Right now, I am aware that my mind has been questioning this life. I say ‘has been’ because I can only know of things of the past, not of the present. 

The here-now...   is non-existent for my mind. 
I must be existent because I am living existence. 

But my thinking is always about what was and not what is. 

One of life’s mysteries. Well... all of life’s mysteries when contemplating life itself!   

Life is a mystery is that it is constant and permanent, but not in thought, for the ego-mind believes it knows life.  But really…..  

I do not know how life comes to be. 

But does life really come to be? All I can know is an expression of life through my experiencing.

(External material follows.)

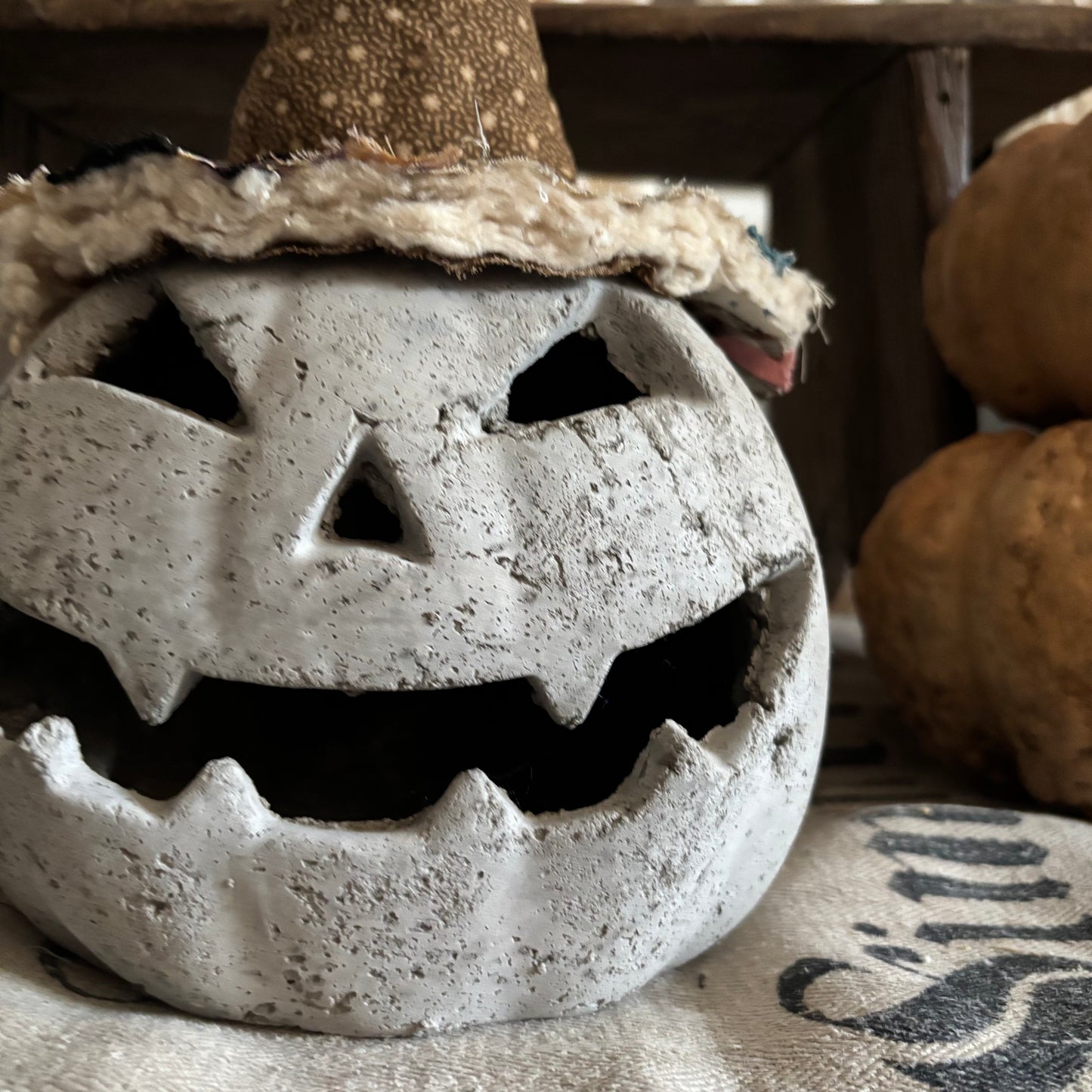 Handmade Concrete Pumpkin (hat sold separately)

I would say that life always was, is and will be, as it is in everyone and everything both the sentient and the non-sentient – no beginning, no end. 

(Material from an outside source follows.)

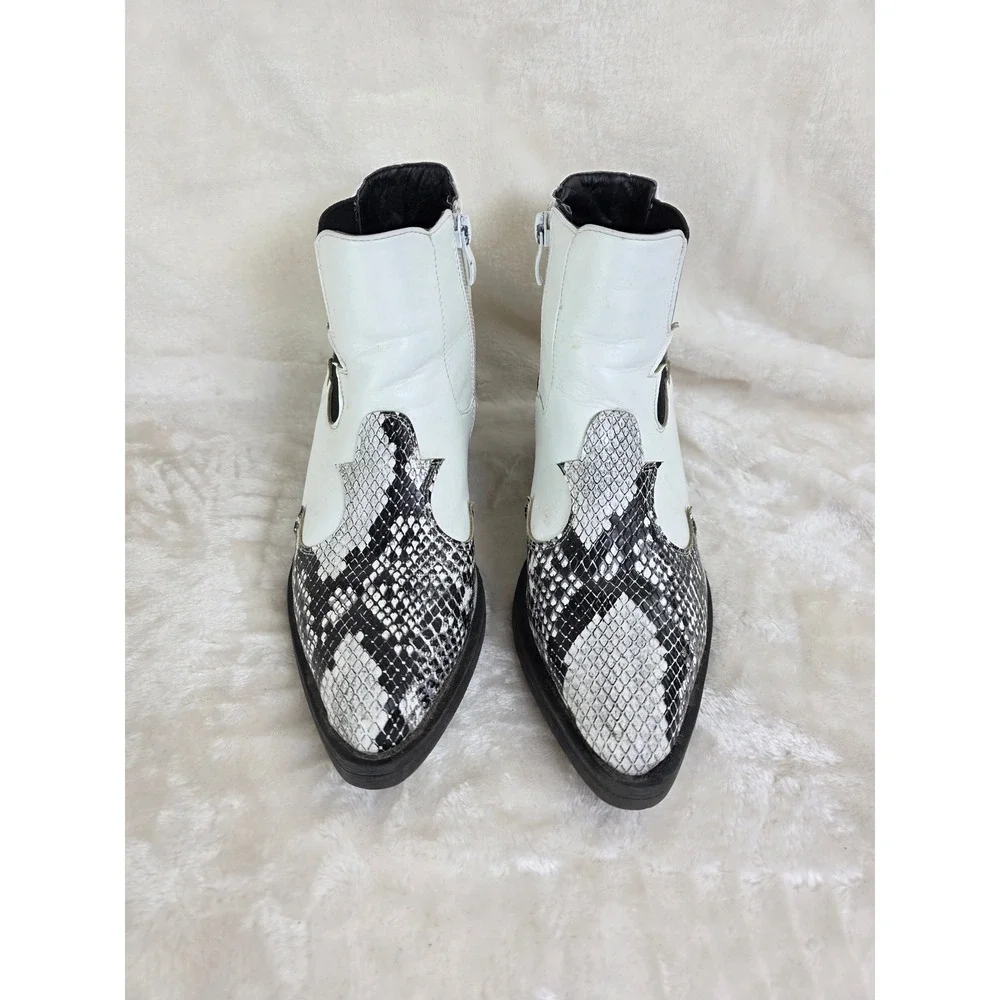 Womens White Snake Print Ankle Boots‎ Western Style Side Zip Chunky Heel Size 36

Life is not created by or of the mind because it cannot be. Before my mind there was life. After my mind there will be life. Sometimes in Zen, life is referred as Mind, with a capital ‘M’, or ultimate enlightenment.

Life is... always or immortal. Knowing life is mortal and ends.

My thinking mind developed, and I began to know and remember life. Before that, there was no knowledge, just me without an ability to think, without an ability to know, but I was in life.  I can only know what was, and at best my knowledge is faint of being fascinated with I know not what..

Zen can be a word for life and to many it is life.  Zen/life indicates life when it reduces everything to the Great Void and allows us a glimpse of it.. Then for that moment, Zen is no more.. No-thing!

The Great Void.. 

Timelessness, everywhere in space, yet no place that can be separated and indicated 'the space of the void'.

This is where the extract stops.